La nacencia del cuenco
El privilegio de crear, de traer a la existencia algo nuevo por uno mismo, está al alcance de todos. Si además esa criatura resulta bella ante nuestros ojos, la satisfacción se multiplica. Y cuando ese efecto se produce cada día, consigue llenar nuestras jornadas de gozo. Así sucede cuando damos forma a los cuencos de este diario. Es un acto sencillo, para lo que solo necesitamos un pedazo de barro, nuestras manos y unas técnicas muy elementales que vienen transmitiéndonos nuestros antepasados por milenios.
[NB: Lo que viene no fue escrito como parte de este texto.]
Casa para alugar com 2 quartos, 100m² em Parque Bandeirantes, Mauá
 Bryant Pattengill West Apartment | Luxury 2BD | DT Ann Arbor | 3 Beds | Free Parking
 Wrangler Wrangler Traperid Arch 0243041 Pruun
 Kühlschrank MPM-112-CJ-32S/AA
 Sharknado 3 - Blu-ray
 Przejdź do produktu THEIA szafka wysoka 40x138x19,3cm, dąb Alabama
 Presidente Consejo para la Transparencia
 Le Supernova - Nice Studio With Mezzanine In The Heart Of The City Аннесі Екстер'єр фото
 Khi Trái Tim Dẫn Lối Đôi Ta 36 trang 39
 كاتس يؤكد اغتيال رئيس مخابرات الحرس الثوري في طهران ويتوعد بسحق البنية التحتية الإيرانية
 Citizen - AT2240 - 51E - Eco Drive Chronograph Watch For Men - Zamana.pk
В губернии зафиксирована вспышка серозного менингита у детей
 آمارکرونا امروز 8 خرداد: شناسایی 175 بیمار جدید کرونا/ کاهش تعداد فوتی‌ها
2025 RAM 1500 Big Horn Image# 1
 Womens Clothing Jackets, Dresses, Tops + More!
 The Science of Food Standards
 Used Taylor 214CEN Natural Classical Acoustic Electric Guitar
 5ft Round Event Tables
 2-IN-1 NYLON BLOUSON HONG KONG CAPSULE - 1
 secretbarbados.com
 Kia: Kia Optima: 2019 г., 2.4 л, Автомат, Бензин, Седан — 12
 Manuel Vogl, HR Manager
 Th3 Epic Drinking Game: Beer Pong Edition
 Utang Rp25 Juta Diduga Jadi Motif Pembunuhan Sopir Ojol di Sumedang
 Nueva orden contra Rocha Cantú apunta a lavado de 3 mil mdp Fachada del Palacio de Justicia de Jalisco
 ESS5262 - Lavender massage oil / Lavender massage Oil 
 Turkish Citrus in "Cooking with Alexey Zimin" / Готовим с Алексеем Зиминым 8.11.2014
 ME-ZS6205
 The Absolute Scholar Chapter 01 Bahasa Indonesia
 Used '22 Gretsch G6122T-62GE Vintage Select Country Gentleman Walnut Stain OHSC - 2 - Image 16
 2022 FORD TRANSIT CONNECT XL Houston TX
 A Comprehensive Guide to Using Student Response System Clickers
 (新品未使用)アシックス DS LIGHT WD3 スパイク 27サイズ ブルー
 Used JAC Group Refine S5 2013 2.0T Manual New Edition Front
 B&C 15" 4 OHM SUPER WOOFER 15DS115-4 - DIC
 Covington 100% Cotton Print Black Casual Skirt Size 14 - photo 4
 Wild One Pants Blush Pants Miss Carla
Un cuenco dado forma sin más herramienta que nuestro cuerpo había de ser el inicial. Tan solo los dedos y las palmas le dan la bienvenida en su nacimiento, aplicando la fuerza apropiada en el sentido justo, de tal manera que el recipiente va apareciéndose como si de un alumbramiento se tratara. Nosotros le damos forma y él nos da tanto… Con su nacencia nos complace y trae esperanza. Cuando se consolida nos trae paz y serenidad. Cada vez que cumple su destino como recipiente nos hace sentir especiales por esa relación íntima que tenemos con él, salvándonos de la intrascendencia. Y el día que se despide, bien porque otras manos lo sustentaren, bien porque deshiciere su estructura el infinito poder del tiempo, nos demuestra humildad, pues aún pudiendo ser eterno, nos acompaña en nuestro inexorable ciclo vital.